The determinants of RNA-binding specificity of the heterogeneous nuclear ribonucleoprotein C proteins

Abstract

The hnRNP C proteins (C1/C2) are tenacious nuclear pre-mRNA-binding proteins that belong to the large RNP motif family of RNA-binding proteins. This motif identifies an RNA-binding domain (RBD) that consists of a four- stranded antiparallel β-sheet packed against two α-helices. Despite considerable information on the structure of the hnRNP C RBD, little is known about its RNA-binding properties. To address this we used in vitro selection/amplification from pools of random sequence RNA to determine the RNA-binding specificity of hnRNP C1. After 8 rounds of selection/amplification nearly all RNAs contained contiguous stretches of at least 5 U residues, and filter-binding assays demonstrated that this sequence constitutes a high-affinity (K(d) = 170 nM) binding site for hnRNP C1. The highest affinity we measured for hnRNP C1 was for r(U)14 (K(d) = 14 nM).

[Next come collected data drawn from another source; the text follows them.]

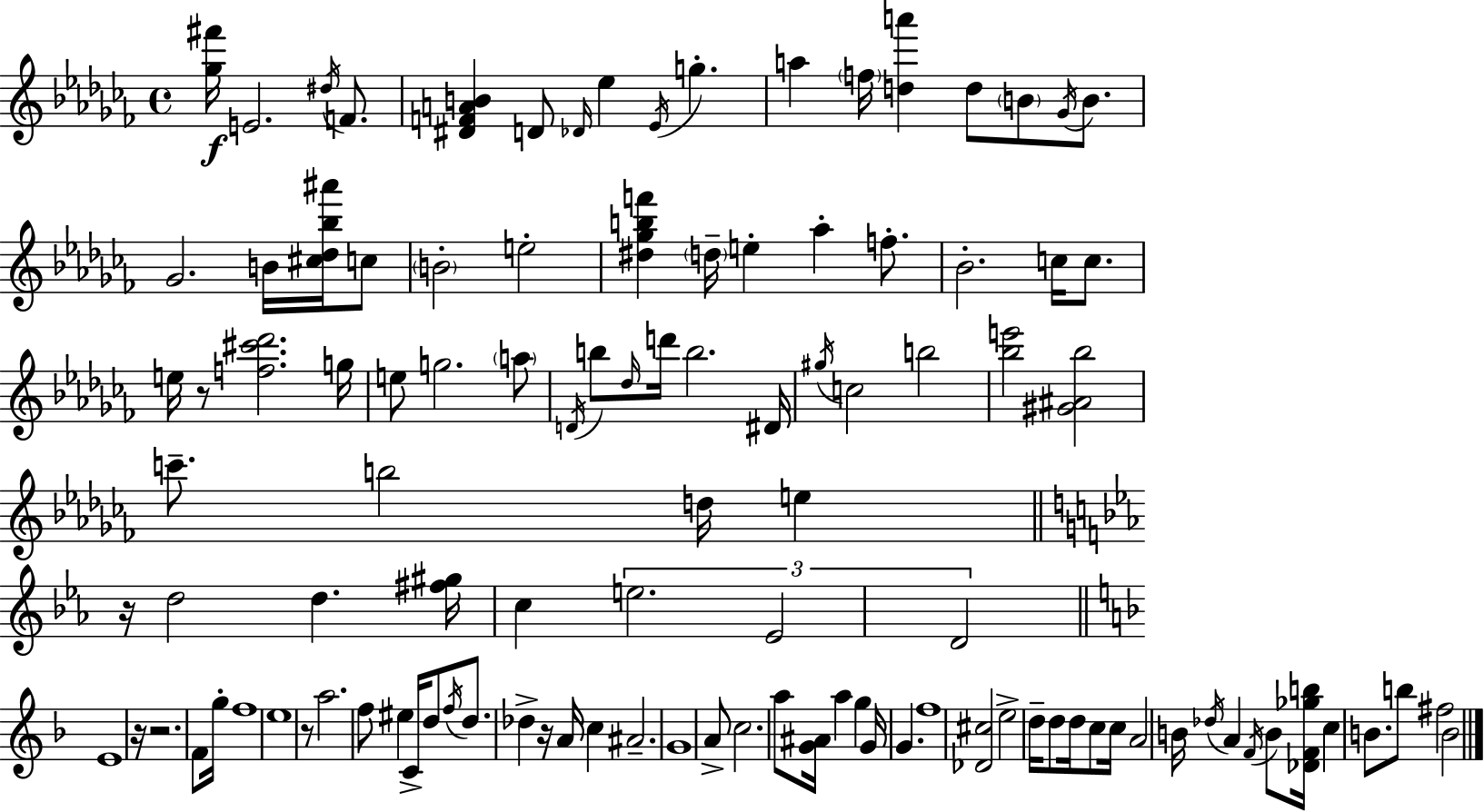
{
  \clef treble
  \time 4/4
  \defaultTimeSignature
  \key aes \minor
  <ges'' fis'''>16\f e'2. \acciaccatura { dis''16 } f'8. | <dis' f' a' b'>4 d'8 \grace { des'16 } ees''4 \acciaccatura { ees'16 } g''4.-. | a''4 \parenthesize f''16 <d'' a'''>4 d''8 \parenthesize b'8 | \acciaccatura { ges'16 } b'8. ges'2. | \break b'16 <cis'' des'' bes'' ais'''>16 c''8 \parenthesize b'2-. e''2-. | <dis'' ges'' b'' f'''>4 \parenthesize d''16-- e''4-. aes''4-. | f''8.-. bes'2.-. | c''16 c''8. e''16 r8 <f'' cis''' des'''>2. | \break g''16 e''8 g''2. | \parenthesize a''8 \acciaccatura { d'16 } b''8 \grace { des''16 } d'''16 b''2. | dis'16 \acciaccatura { gis''16 } c''2 b''2 | <bes'' e'''>2 <gis' ais' bes''>2 | \break c'''8.-- b''2 | d''16 e''4 \bar "||" \break \key ees \major r16 d''2 d''4. <fis'' gis''>16 | c''4 \tuplet 3/2 { e''2. | ees'2 d'2 } | \bar "||" \break \key f \major e'1 | r16 r2. f'8 g''16-. | f''1 | e''1 | \break r8 a''2. f''8 | eis''4 c'16-> d''8 \acciaccatura { f''16 } d''8. des''4-> r16 | a'16 c''4 ais'2.-- | g'1 | \break a'8-> c''2. a''8 | <g' ais'>16 a''4 g''4 g'16 g'4. | f''1 | <des' cis''>2 e''2-> | \break d''16-- d''8 d''16 c''8 c''16 a'2 | b'16 \acciaccatura { des''16 } a'4 \acciaccatura { f'16 } b'8 <des' f' ges'' b''>16 c''4 b'8. | b''8 fis''2 b'2 | \bar "|."
}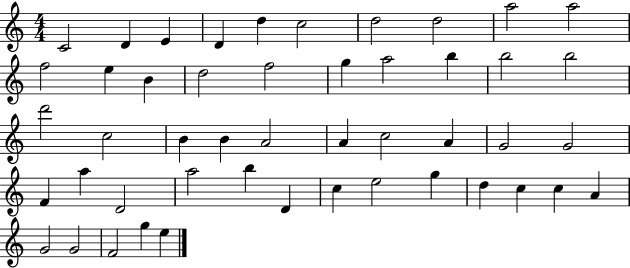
X:1
T:Untitled
M:4/4
L:1/4
K:C
C2 D E D d c2 d2 d2 a2 a2 f2 e B d2 f2 g a2 b b2 b2 d'2 c2 B B A2 A c2 A G2 G2 F a D2 a2 b D c e2 g d c c A G2 G2 F2 g e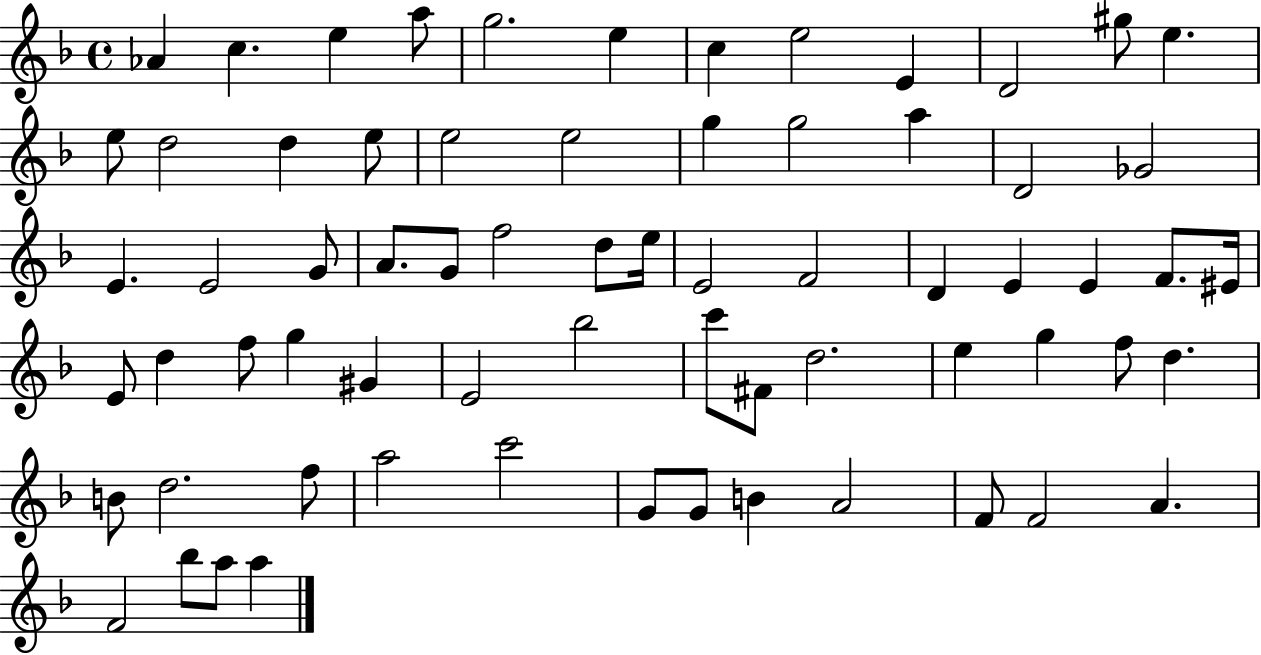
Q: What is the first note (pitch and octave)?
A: Ab4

An RBD-containing peptide fragment of hnRNP C1 (amino acids 2-94) bound oligoribonucleotides containing an hnRNP C1 high-affinity binding site with nearly equal affinity to that of hnRNP C1. Unlike hnRNP C1, however, this peptide also bound oligoribonucleotides that do not contain high-affinity hnRNP C1-binding sites. We identified a region of 10 amino acids, immediately COOH-terminal to the RNP motif (amino acids 95-104), that prevents the minimal RBD from binding nonspecific RNA ligands. We propose that the highly conserved βαββαβ core structure of the RNP motif RBD confers a general RNA binding activity to RNP motif RBDs and that the determinants of RNA- binding specificity reside in the most variable regions, the loops connecting the β-strands and/or the contiguous NH2 and COOH termini of the RBD.